When running a global taint-tracking query, the flow starts at the data parameter but terminates immediately at the property access data.Payload. The variable cmd is not marked as tainted.

Here is my partial dataflow query:

/**
 * @name Forward Partial Dataflow
 * @description Forward Partial Dataflow
 * @kind path-problem
 * @precision low
 * @problem.severity error
 * @id githubsecuritylab/forward-partial-dataflow
 * @tags template
 */

import csharp
import semmle.code.csharp.dataflow.TaintTracking
import PartialFlow::PartialPathGraph
import semmle.code.csharp.dataflow.flowsources.Remote

private module MyConfig implements DataFlow::ConfigSig {
  predicate isSource(DataFlow::Node source) {
    //exists(Parameter p |
    //  p.hasName("data") and 
    //  p.getCallable().hasName(["ExecuteCommand", "UpdateConfiguration"]) and
    //  source.asParameter() = p
    //)
    source instanceof RemoteFlowSource
  }

  predicate isSink(DataFlow::Node sink) { none() }

  //predicate isAdditionalFlowStep(DataFlow::Node node1, DataFlow::Node node2) {
  //  exists(MemberAccess ma |
  //    // node2 is the reading of the field
  //    ma = node2.asExpr() and
  //    // node1 is the object being accessed
  //    ma.getQualifier() = node1.asExpr()
  //  )
  //}
}

private module MyFlow = TaintTracking::Global<MyConfig>; // or DataFlow::Global<..>

int explorationLimit() { result = 10 }

private module PartialFlow = MyFlow::FlowExplorationFwd<explorationLimit/0>;

from PartialFlow::PartialPathNode source, PartialFlow::PartialPathNode sink
where PartialFlow::partialFlow(source, sink, _)
select sink.getNode(), source, sink, "This node receives taint from $@.", source.getNode(),
  "this source"

Adding the isAdditionalFlowStep resolves the issue. Is it a normal behavior ?

For Java there is this method localAdditionalTaintExprStep, and I think it would be nice to do the same for csharp. I see references to spring in this file and I think it's a bit similar to ASP.NET in some way.

[Hug0Vincent]

Hello, I think you just quoted my answer without any comment is it normal ?

[Hug0Vincent]

I think I found the issue but I don't know how to fix it, here this class does not have associated TaintedMember class that could propagate taint on properties.
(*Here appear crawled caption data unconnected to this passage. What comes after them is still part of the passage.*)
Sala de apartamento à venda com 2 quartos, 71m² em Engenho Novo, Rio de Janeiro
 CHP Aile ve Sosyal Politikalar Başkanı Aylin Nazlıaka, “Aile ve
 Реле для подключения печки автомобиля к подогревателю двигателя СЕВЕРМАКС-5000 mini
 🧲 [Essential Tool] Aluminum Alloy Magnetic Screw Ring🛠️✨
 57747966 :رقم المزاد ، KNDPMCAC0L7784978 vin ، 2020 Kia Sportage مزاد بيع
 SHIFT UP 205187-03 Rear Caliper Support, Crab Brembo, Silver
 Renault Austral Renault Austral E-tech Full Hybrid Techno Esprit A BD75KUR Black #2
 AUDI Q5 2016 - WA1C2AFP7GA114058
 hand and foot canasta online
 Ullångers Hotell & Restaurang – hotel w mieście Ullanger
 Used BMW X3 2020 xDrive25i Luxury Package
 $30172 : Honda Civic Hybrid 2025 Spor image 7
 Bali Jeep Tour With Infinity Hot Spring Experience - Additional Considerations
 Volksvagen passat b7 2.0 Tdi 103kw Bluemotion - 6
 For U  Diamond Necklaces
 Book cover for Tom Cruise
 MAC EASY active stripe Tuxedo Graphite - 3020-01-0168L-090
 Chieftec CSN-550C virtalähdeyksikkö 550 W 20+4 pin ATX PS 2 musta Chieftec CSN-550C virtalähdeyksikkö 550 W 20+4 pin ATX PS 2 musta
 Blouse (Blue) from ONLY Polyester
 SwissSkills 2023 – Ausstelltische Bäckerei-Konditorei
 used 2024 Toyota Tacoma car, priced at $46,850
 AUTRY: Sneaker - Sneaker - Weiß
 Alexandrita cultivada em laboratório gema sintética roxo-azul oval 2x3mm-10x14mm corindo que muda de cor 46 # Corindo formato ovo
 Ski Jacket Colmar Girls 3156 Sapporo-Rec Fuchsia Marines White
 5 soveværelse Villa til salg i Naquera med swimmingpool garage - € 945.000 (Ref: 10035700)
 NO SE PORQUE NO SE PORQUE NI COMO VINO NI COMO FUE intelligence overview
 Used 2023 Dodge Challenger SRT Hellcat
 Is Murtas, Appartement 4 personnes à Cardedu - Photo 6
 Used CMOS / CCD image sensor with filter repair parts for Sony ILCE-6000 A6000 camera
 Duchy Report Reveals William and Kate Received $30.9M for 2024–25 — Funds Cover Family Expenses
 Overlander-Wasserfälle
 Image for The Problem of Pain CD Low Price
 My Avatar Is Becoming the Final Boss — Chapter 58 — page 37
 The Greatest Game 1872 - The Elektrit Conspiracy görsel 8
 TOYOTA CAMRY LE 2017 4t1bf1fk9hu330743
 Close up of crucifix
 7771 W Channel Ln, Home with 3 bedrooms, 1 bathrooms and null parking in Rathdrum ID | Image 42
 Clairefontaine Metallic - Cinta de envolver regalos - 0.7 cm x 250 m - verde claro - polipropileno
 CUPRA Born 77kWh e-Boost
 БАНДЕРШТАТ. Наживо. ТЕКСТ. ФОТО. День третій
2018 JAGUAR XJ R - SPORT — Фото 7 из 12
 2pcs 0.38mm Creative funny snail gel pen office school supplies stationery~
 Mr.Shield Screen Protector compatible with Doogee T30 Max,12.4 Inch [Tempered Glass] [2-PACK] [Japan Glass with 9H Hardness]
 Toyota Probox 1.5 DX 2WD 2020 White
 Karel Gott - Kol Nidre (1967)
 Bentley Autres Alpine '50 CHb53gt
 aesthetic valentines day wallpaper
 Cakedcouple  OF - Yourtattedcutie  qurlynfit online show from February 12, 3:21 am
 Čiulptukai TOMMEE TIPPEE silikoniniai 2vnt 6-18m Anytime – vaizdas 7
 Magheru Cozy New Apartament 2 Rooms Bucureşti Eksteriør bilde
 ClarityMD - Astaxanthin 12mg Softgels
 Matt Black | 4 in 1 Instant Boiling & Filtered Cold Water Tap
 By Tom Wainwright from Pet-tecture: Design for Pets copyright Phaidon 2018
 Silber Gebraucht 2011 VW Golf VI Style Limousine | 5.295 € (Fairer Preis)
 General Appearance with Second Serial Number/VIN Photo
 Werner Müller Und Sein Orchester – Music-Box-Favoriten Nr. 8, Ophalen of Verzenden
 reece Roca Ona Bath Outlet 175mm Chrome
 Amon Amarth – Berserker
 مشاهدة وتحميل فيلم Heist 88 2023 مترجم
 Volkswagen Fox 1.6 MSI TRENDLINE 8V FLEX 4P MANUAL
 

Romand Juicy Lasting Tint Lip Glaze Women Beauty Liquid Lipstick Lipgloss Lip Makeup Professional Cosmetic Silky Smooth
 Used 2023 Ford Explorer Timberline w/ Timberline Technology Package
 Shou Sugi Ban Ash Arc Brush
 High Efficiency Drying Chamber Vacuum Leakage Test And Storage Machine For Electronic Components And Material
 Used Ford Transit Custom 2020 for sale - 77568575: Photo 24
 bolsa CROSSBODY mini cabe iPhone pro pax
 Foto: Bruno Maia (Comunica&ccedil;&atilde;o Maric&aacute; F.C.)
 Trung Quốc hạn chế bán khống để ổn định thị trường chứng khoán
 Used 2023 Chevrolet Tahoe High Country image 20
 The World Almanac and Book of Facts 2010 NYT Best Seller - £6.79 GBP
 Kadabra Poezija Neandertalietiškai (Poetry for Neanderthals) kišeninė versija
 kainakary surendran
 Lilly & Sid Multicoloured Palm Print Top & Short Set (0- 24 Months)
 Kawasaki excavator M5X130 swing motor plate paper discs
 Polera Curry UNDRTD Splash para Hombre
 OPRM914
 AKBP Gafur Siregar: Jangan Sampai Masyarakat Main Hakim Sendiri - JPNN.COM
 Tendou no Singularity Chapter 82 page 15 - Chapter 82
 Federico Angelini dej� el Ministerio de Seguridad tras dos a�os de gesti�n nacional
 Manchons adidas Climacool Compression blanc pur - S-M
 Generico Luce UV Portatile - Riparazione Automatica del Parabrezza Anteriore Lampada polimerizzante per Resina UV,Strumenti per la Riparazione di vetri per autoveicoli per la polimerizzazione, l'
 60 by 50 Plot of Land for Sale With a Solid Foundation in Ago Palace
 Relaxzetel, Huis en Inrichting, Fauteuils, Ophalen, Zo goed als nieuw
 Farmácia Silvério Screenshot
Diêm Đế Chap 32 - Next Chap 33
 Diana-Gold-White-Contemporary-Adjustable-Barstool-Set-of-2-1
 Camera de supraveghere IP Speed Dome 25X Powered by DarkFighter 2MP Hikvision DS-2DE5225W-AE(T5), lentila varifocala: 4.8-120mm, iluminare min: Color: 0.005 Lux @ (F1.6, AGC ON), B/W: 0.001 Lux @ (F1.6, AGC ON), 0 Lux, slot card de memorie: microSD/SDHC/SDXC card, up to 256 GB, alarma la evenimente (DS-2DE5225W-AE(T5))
I found an example for ASP.NET Core here but it's not transitive. It's possible to have something like this:

public class AddresDto
{
      public string City {get; set;}
} 

public class UserDto
{
      public AddresDto Address {get; set;}
} 

Also the this.isAutoImplemented() check can be removed I think.

I tried to make a fix but it need some recursion to get a property of a property. So I think it would be easier to taint outputs of getters like in spring and Java. It's internal CodeQL code so I don't know how to approach this.